In Black Tide, the second of Peter Temple's Jack Irish novels, an old friend of Jack's deceased father comes looking for help. Des Connors' ne'er do well son Gary has disappeared, along with $60,000 the retired Des needs if he is going to keep his house. It's the kind of thing Jack would do anyway, and with Des the last living link to Bill Irish, it's a no-brainer.
But what looks like a fairly straightforward case of locating a small-time swindler quickly turns out to be much more. People who have known Gary, who have worked with Gary, and who have talked to Gary have an alarming fatality rate. Individually, there doesn't seem to be anything to connect these victims of suicide, break-ins gone wrong, and car accidents, but Gary is clearly at the center of a web of secrets and violence. As Jack digs relentlessly to find Des' son, he is repeatedly warned that he's taking on an organization with tentacles in the governments, police forces, and the militaries of more than one country. On his own, he might walk away, but with his father's friend's future in the balance, he has no choice but to keep pushing. And by the time he realizes he has pushed too hard, it's too late.

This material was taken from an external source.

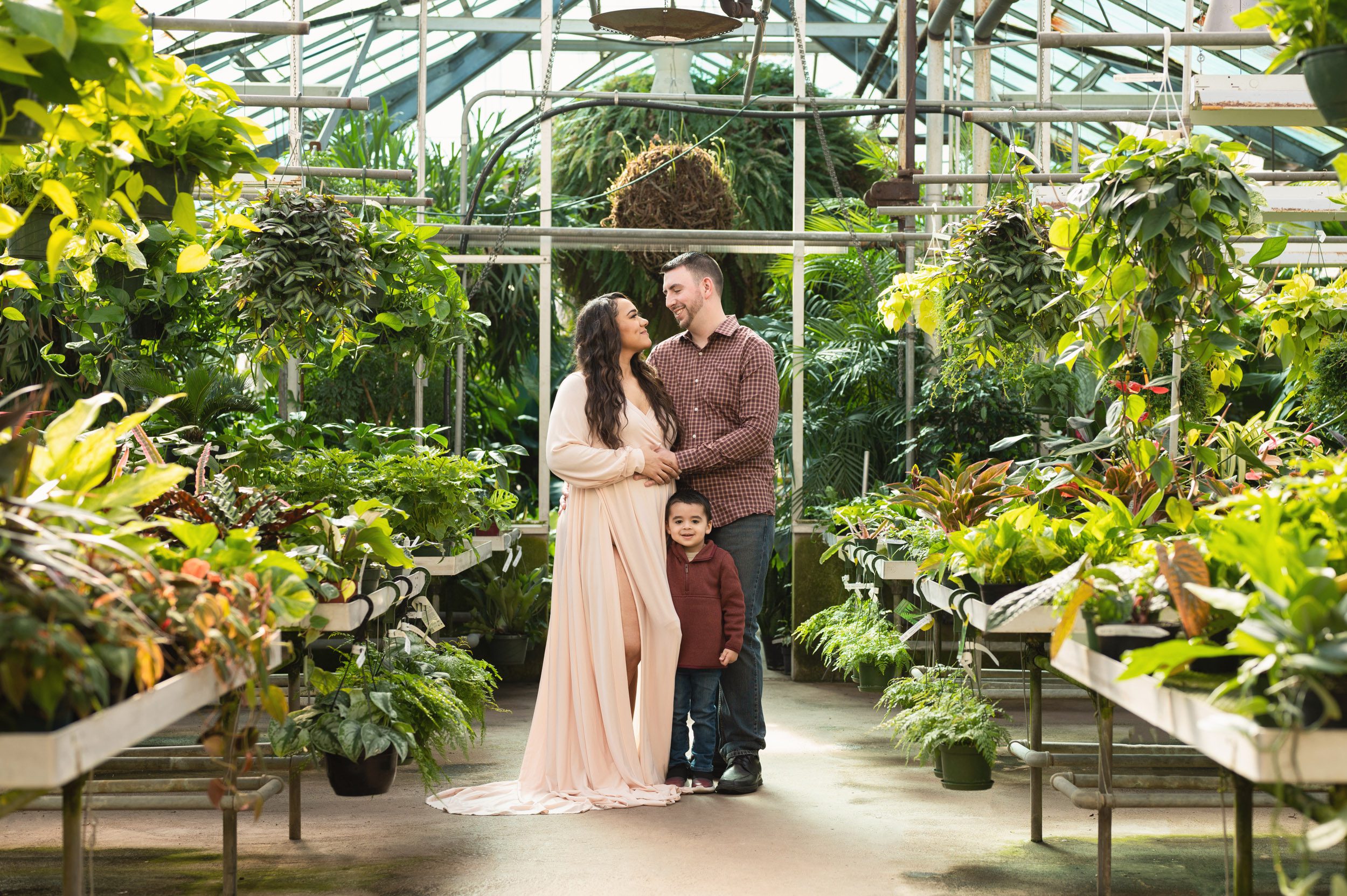 expecting parents standing in a greenhouse and smiling at each other with their young son hugging mom's leg and smiling at the camera during a Collegeville greenhouse maternity photography session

Peter Temple was an author who respected his reader, and, wow, could he write - whether it's indelibly setting a scene in just a few sentences (""I went into the concrete-floored [horse track] betting barn, a deeply inhospitable place, people chewing hotdogs with the apprehensive look of submariners waiting for the depth charge to buckle the plates, pop the rivets."); describing characters in the most Australian way possible ("In the room was a blond woman of indeterminate age, lowered to around forty by cutting, injecting, and sanding."); or painting the emotional portrait of a man who has had too many endings ("I slumped in the chair. I'd known it was coming. Absolutely no doubt. You know. I'd been feeling sick about it for weeks. So, why did I now feel even sicker? Love. Not a word for casual use. The life-scarred use the word with extreme caution. If you're lucky, you go through life being held up by people loving you. But you don't know you're being held up. You think you're buoyant. You think the buoyancy came first, the love is a bonus you get for being buoyant. And that can go on for a long time. But then one day, the love isn't there anymore and you're sinking, waving arms and sinking, all the old sources of love gone, the newer ones turn out to be fickle. They move on. No one to hold you up, you're just a skinny boy, all ribs, knees, and feet, out in the deep water, can't touch bottom.")
In Black Tide, Temple not only spins a masterful nail-biter of a thriller, but also manages to continue developing both his protagonist and all the people that surround him. And he does all this while keeping you on the edge of your seat, making you laugh, and getting you to contemplate life. Peter Temple was a giant of not just Australian crime fiction, but of crime fiction in general, and in Black Tide he is in top form.